Terutama dengan hak rakyat atas tanah yang tidak sesuai izin dan pemanfaatannya, peruntukannya serta yang terlantar dan tidak memberi manfaat bagi kepentingan bangsa dan negara.
Keputusan tersebut diambil sebagai salah satu kesimpulan rapat kerja Komisi II DPR bersama Kementerian ATR/BPN di Komplek Parlemen, Senayan, Jakarta, Selasa (23/3/2021).
Wakil Ketua Komisi II DPR, Syamsurizal, mengungkapkan dalam pembahasan Rancangan Undang-Undang (RUU) Cipta Kerja di Badan Legislasi (Baleg) DPR tahun lalu, salah satu unsur yang dimasukkan dalam RUU yang kini sudah menjadi UU Nomor 11 Tahun 2020 tentang Cipta Kerja yakni berkaitan dengan kelebihan penggarapan tanah oleh pihak ketiga ketika HGU diberikan.
Artinya, kata dia, pengukuran ulang atau evaluasi terhadap lahan HGU yang tumpang tindih ini harus dilakukan. “Ini perintah UU sebagaimana di atur dalam UU Nomor 11 Tahun 2020 tentang Cipta Kerja. Kita mesti melakukan pengukuran ulang,” tegas Syamsurizal.
Lebih lanjut anggota Baleg DPR ini mengatakan bahwa dengan pengukuran ulang ini, pemerintah bisa memberikan sanksi berupa denda kepada perusahaan pengelola HGU yang melanggar. Sebab, ia mendapatkan informasi bahwa potensi kerugian negara dari pengelolahan HGU melebihi batas izin mencapai Rp 392 triliun.
“Informasi yang kami terima sebesar Rp 392 triliun. Itu pernah dikeluarkan sebuah harian di ibukota,” katanya.

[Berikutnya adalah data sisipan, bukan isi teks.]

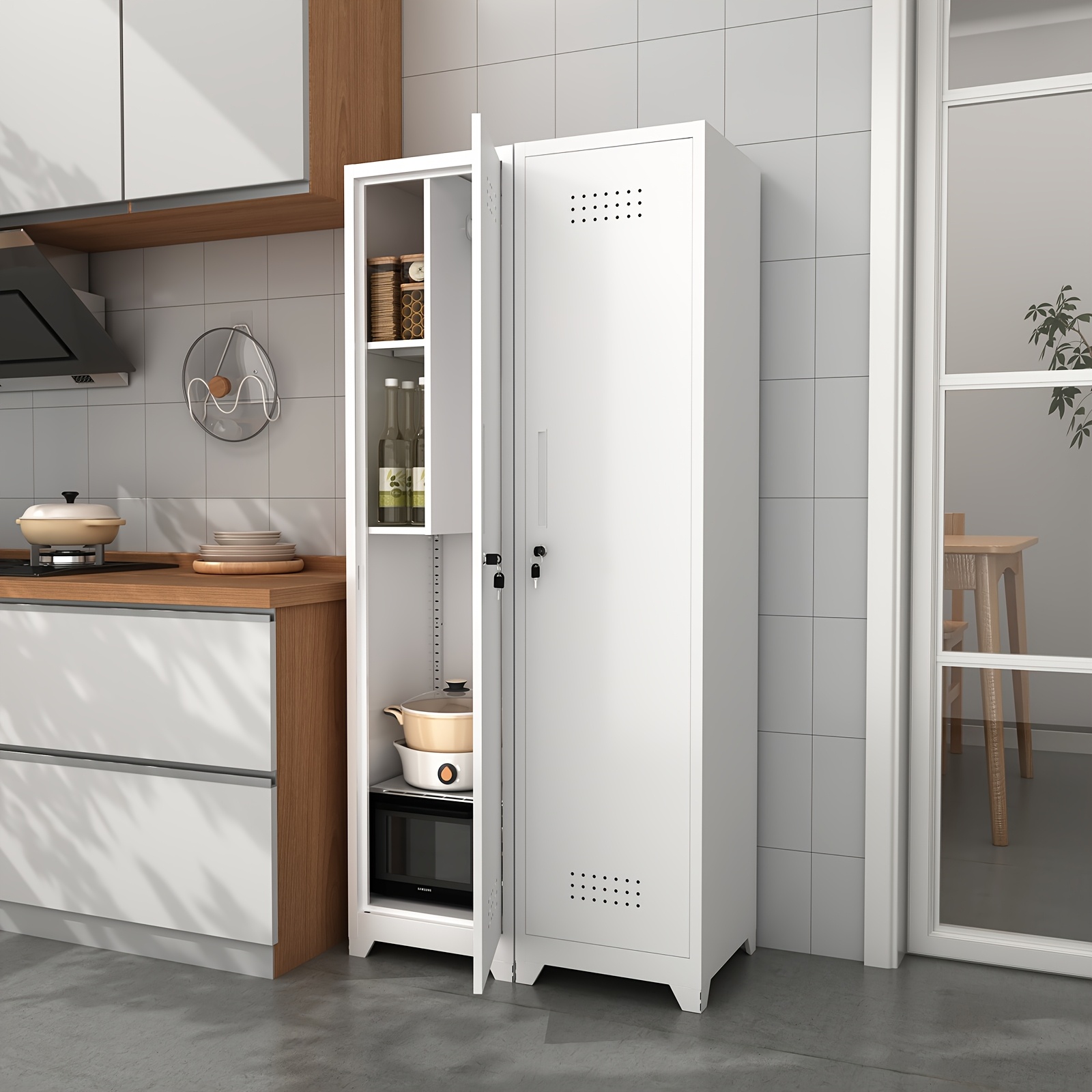 TEMU Metal Broom Storage Cabinet With Shelves, 65'h Steel Storage Cabinets With Locking Doors And Hooks, Slim Broom Storage Cabinet With Hanging Rod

Politisi Partai Persatuan Pembangunan (PPP) ini juga menanggapi jawaban Menteri ATR/Kepala BPN Sofyan Djalil dalam rapat kerja dengan Komisi II DPR sebelumnya, yang keberatan dengan pengukuran ulang HGU dengan alasan akan memakan biaya yang terlalu besar.
Menurut Syamsurizal, biaya yang dikeluarkan untuk melakukan pengukuran ulang lahan HGU tidak sebanding dengan potensi kerugian negara yang lebih besar.

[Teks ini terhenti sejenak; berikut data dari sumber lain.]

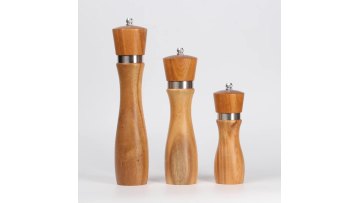 Wholesale Customizable Natural Wooden  Pepper Mill Manual Salt And Pepper Grinder  Set1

“Tidak bisa tidak, kita mesti melakukan pengukuran ulang. Masalah biaya tidak etis kalau kita angkat untuk menjadi penghambat untuk sebuah kerja yang menjadi tugas dan itu adalah perintah undang-undang,” tegas legislator asal Riau ini.

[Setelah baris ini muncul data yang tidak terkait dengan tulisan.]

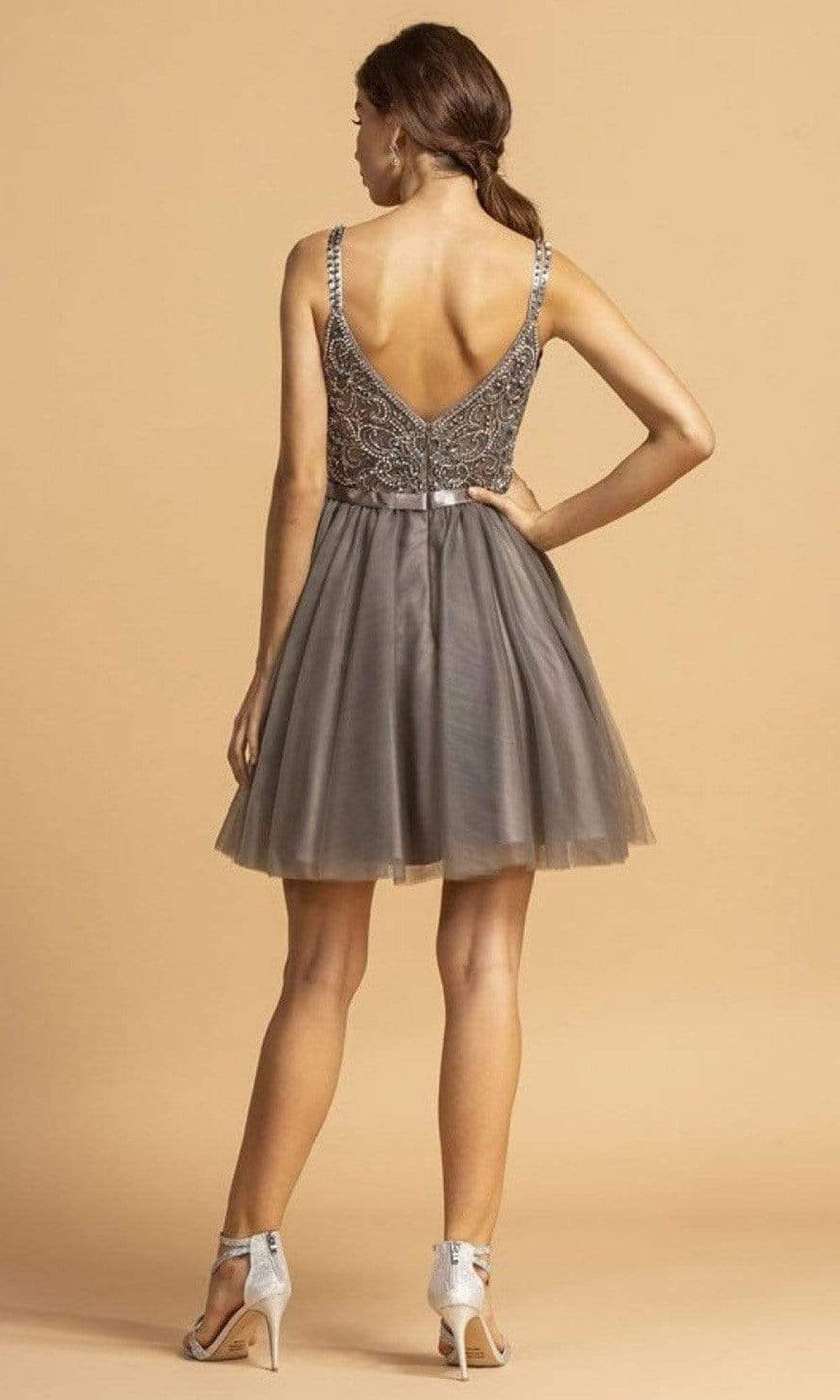 Trevi Collection - S2120 Embellished V Neck Short Dress Homecoming Dresses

Selain mendesak evaluasi dan penyelesaian lahan HGU, HGB dan HPL yang tumpang tindih, raker tersebut menyimpulkan dua hal. Yakni dalam rangka mendorong pencegahan, pemberantasan penyelesaian praktik mafia pertanahan dan permasalahan penataan ruang di seluruh Indonesia, Komisi II DPR RI akan membentuk Panitia Kerja HGU, HGB dan HPL, Panitia Kerja Mafia Pertanahan dan Panitia Kerja Tata Ruang.
Komisi II DPR dan Menteri ATR/BPN sepakat menunda pemberlakuan Peraturan Menteri ATR/BPN Nomor 1 Tahun 2021 tentang Sertipikat Elektronik dan segera melakukan evaluasi dan revisi terhadap ketentuan yang berpotensi menimbulkan permasalahan di masyarakat.